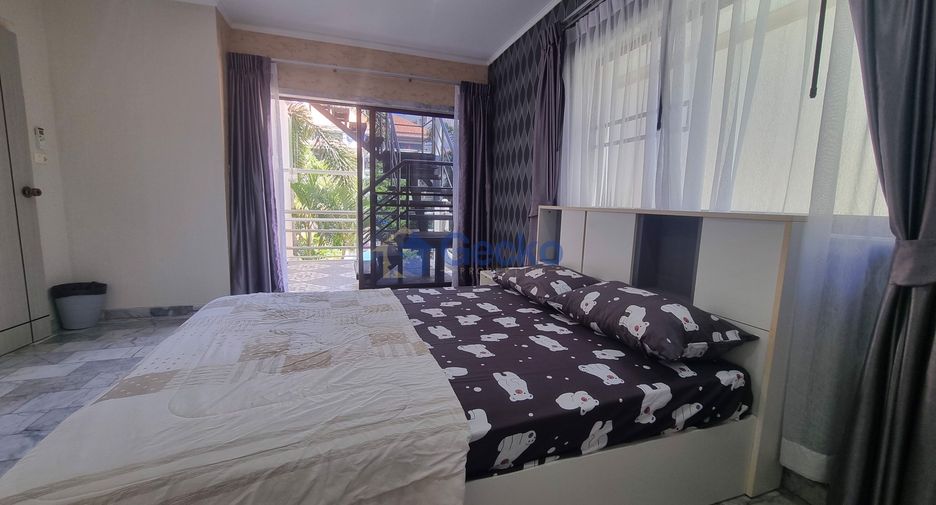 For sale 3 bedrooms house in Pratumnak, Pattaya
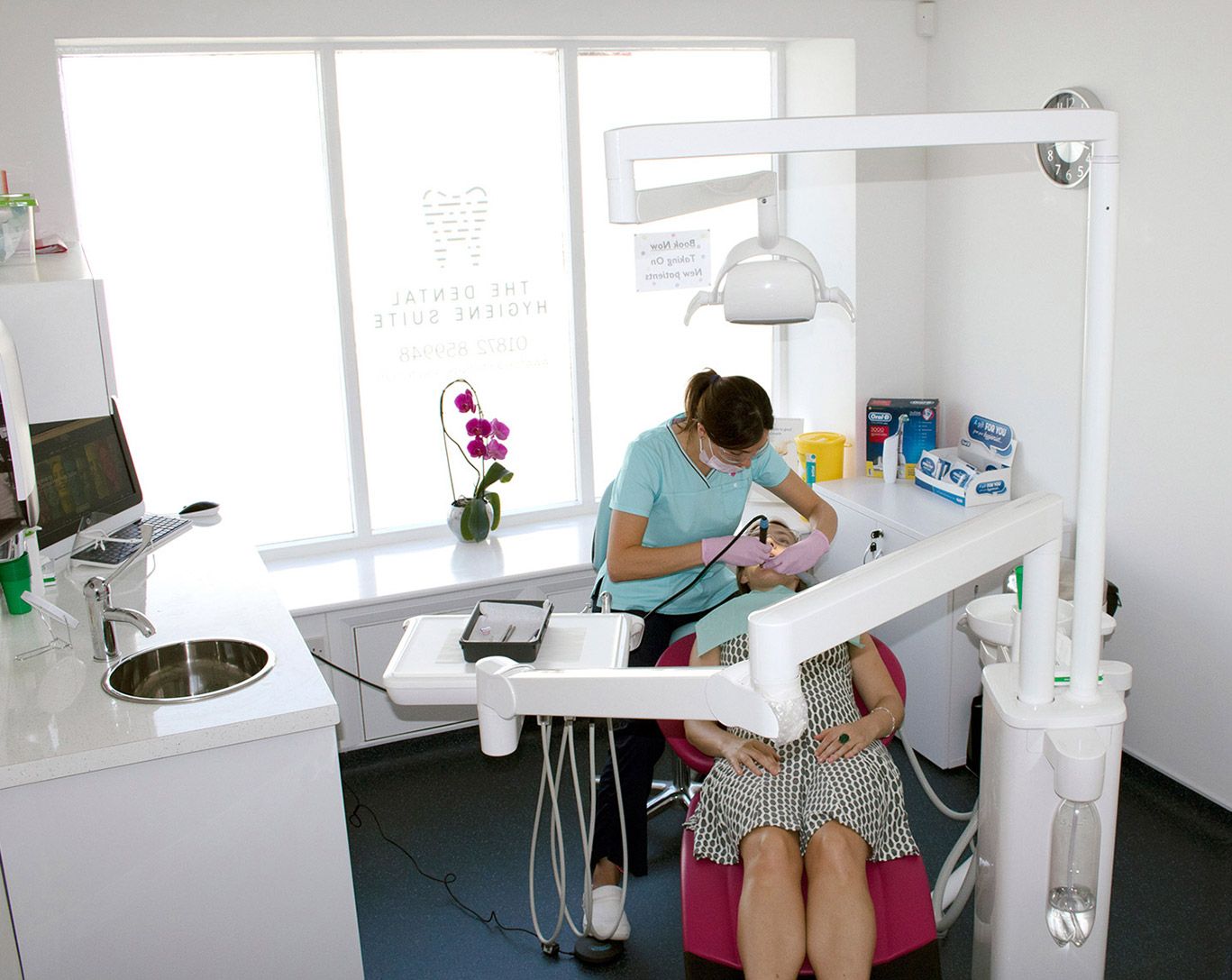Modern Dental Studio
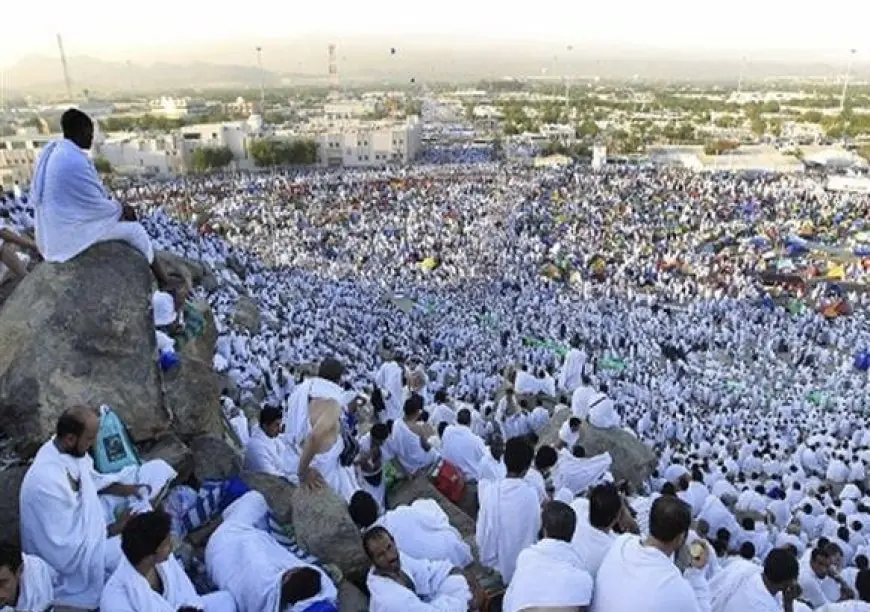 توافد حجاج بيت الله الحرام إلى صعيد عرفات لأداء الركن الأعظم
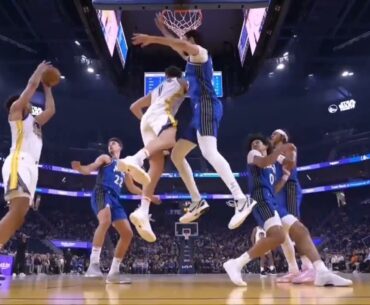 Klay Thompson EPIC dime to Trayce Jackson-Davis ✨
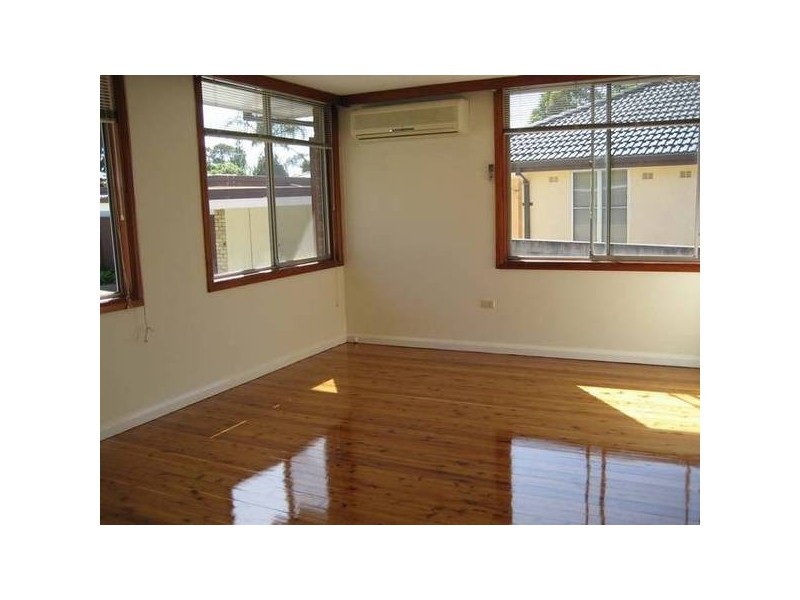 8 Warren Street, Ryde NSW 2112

THE TASK:
Transcribe, word for word, the line holding "Modern Dental Studio" and all lines after it in the entries above, ending with the last. Only those lines; no pictures.

WRITTEN REPLY:
Modern Dental Studio
 توافد حجاج بيت الله الحرام إلى صعيد عرفات لأداء الركن الأعظم
 Klay Thompson EPIC dime to Trayce Jackson-Davis ✨
 8 Warren Street, Ryde NSW 2112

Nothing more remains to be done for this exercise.